--- Input data ---

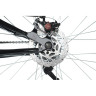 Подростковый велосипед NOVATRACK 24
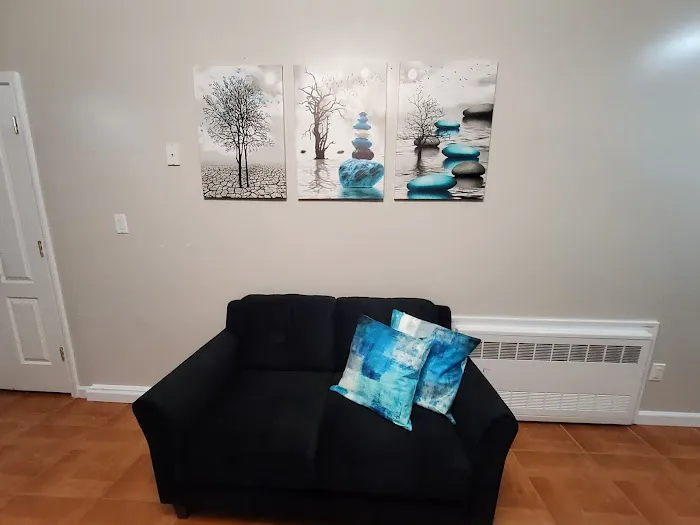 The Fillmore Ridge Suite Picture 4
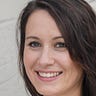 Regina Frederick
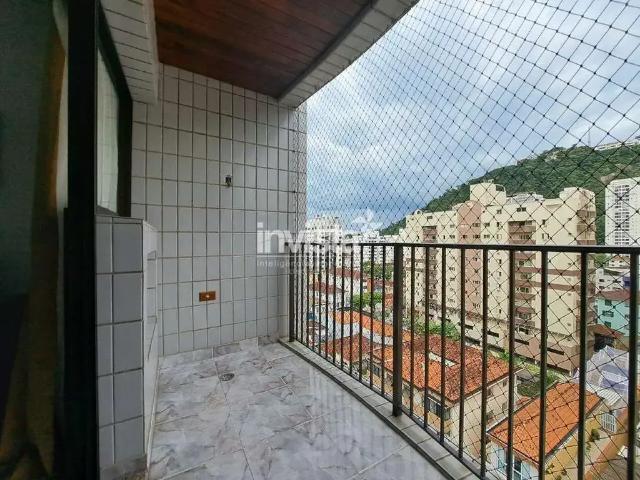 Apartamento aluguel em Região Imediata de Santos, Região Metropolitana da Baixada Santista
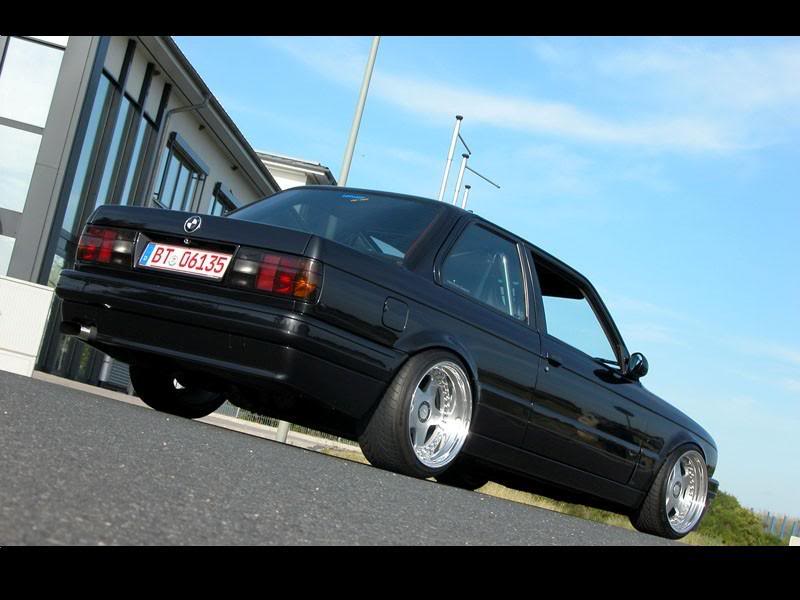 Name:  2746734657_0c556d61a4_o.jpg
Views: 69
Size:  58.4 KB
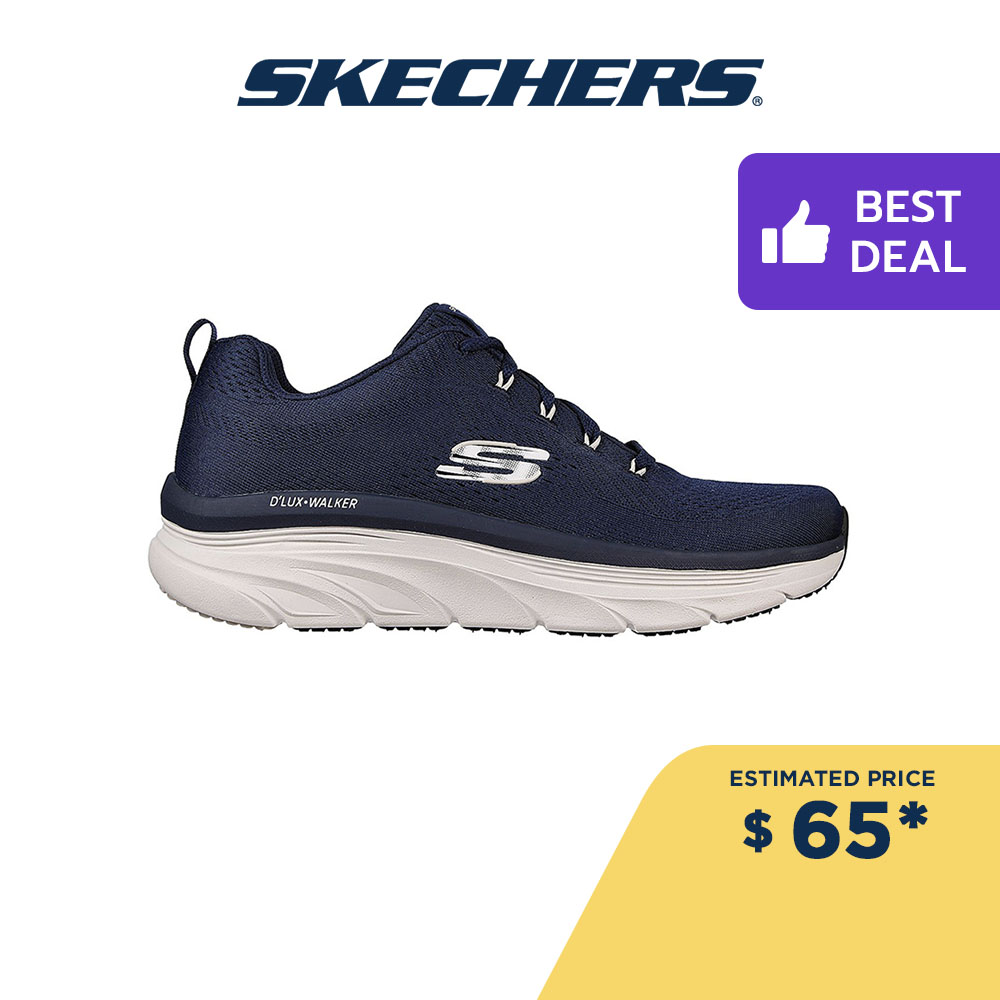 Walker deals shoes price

---

Quote exactly the lines from the one that contains "Apartamento aluguel em" through the end of the listing above, both ends included, leaving out the pictures.

 Apartamento aluguel em Região Imediata de Santos, Região Metropolitana da Baixada Santista
 Name:  2746734657_0c556d61a4_o.jpg
Views: 69
Size:  58.4 KB
 Walker deals shoes price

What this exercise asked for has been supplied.